POS Frequencies in the MONK Corpus, with Additional Musings

This post is on the work I presented at DH ’09, plus some thoughts on what’s next for my project. It’s related to this earlier post on preliminary part-of-speech frequencies across the entire MONK corpus, but includes new material and figures based on some data pruning and collection as mentioned in this post (details below).

A word, first, on why I’m working on this. I don’t really care, of course, about the relative frequencies of various parts of speech across time, any more than chemists care about, say, the absorption spectra of molecules. What I’m looking for are useful diagnostics of things that I do care about but that are hard to measure directly (like, say, changes in the use of allegory across historical time or, more broadly, in rhetorical cues of literary periodization).

My hypothesis is that allegory should be more prominent and widespread in the short intervals between literary-historical periods than during the periods themselves. Since we also suspect that allegorical writing should be “simpler” on its face than non-allegorical writing (because it needs to sustain an already complicated set of rhetorical mappings over large parts of its narrative), it makes sense (in the absence of a direct measure of “allegoricalness”) to look for markers of comparative narrative simplicity/complexity as proxies for allegory itself. I think part-of-speech frequency might be one such measure. In any case if I’m right about allegory and periodization and if I’m also right about specific POS frequencies as indicators of allegory, then we should expect certain POS frequencies to exhibit significant (in the statistical sense) fluctuations around periodizing moments and events. (I wish there were fewer ifs in that last sentence; I’ll say a bit below about how one could eliminate them.)

So … what do we see in the MONK case? Recall that the results from the full dataset looked like this:

POS Frequencies, Full MONK Corpus

POS Frequencies, Full MONK Corpus

But that’s messy and not of much use. It doesn’t focus on the few POS types that I think might be relevant (nouns, verbs, adjectives, adverbs); it includes a bunch of texts that aren’t narrative fiction (drama, sermons, etc.); and it’s especially noisy because I didn’t make any attempt to control for years in which very few texts (or authors) were published. (Note that the POS types listed are the reduced set of so-called “word classes” from NUPOS.)

Here’s what we get if we limit the POSs (PsOS?) in question, exclude texts that aren’t narrative fiction, and group together the counts from nearby years with low quantities of text:

POS Frequencies, Reduced and Consolidated MONK Corpus

POS Frequencies, Reduced and Consolidated MONK Corpus

And here’s the same figure with the descriptive types (adjectives and adverbs) added together:

POS Frequencies, Reduced and Consolidated MONK Corpus (Adj + Adv)

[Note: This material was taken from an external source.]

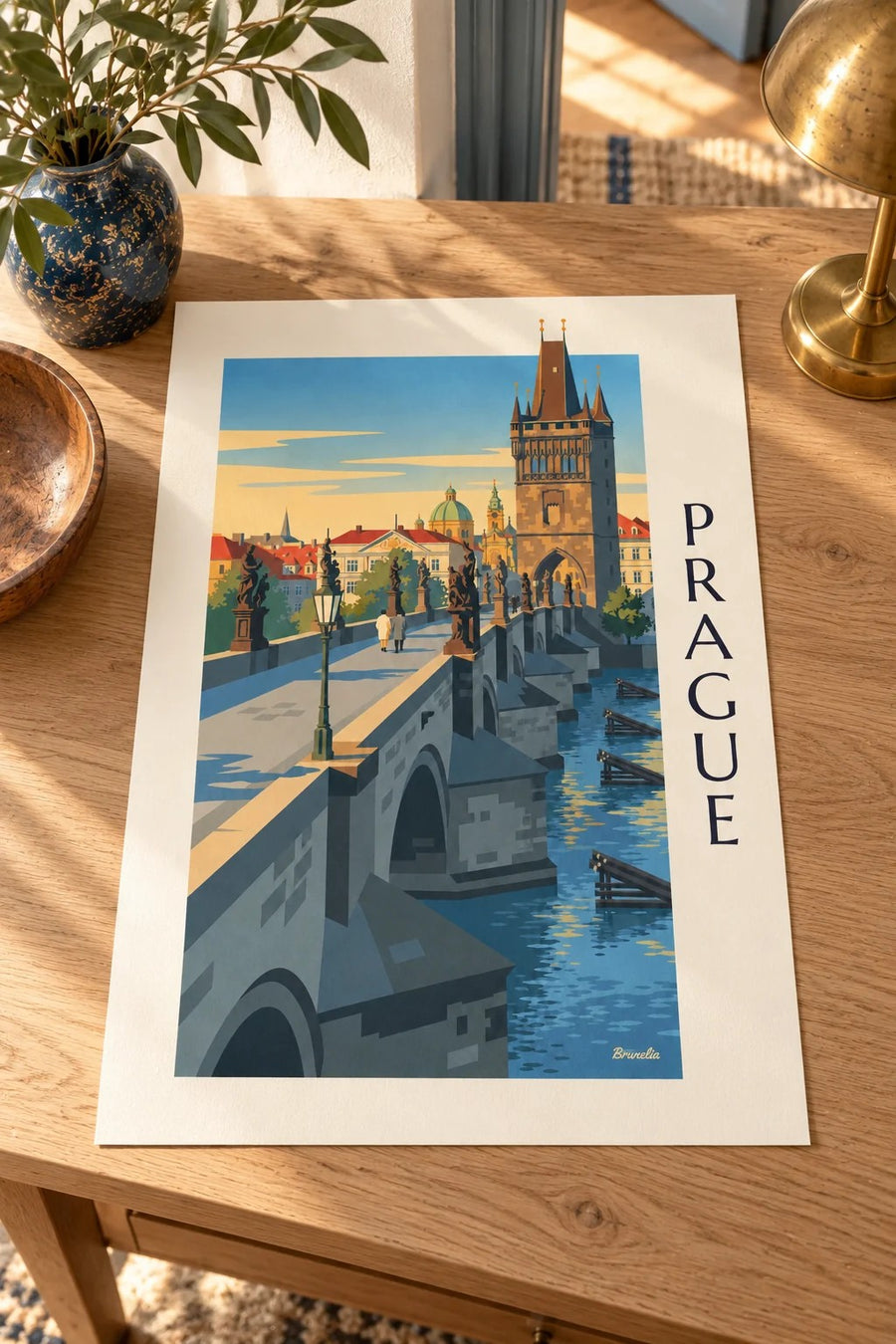 Prague Charles Bridge and Gothic tower on the Vltava poster: resting on a table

POS Frequencies, Reduced and Consolidated MONK Corpus (Adj + Adv)

[Some data details, skippable if you don’t care. First, note that the x axes in all three figures need to be fixed up; they’re just bins by year label, rather than proper independent variables. I’ll fix this soon, but it doesn’t make much difference in the results. You can download the raw POS counts for the full corpus (not sorted by year of publication), as well as those restricted to texts with genre = fiction. These are interesting, I guess, but more useful are the same figures split out by year of publication, both for the whole corpus, and just for fiction (presented as frequencies rather than counts). Finally, there are the fiction-only, year-consolidated numbers (back to counts for these, because I’m lazy). The table of translations between the full NUPOS tags and the (very reduced) word classes presented here is also available.]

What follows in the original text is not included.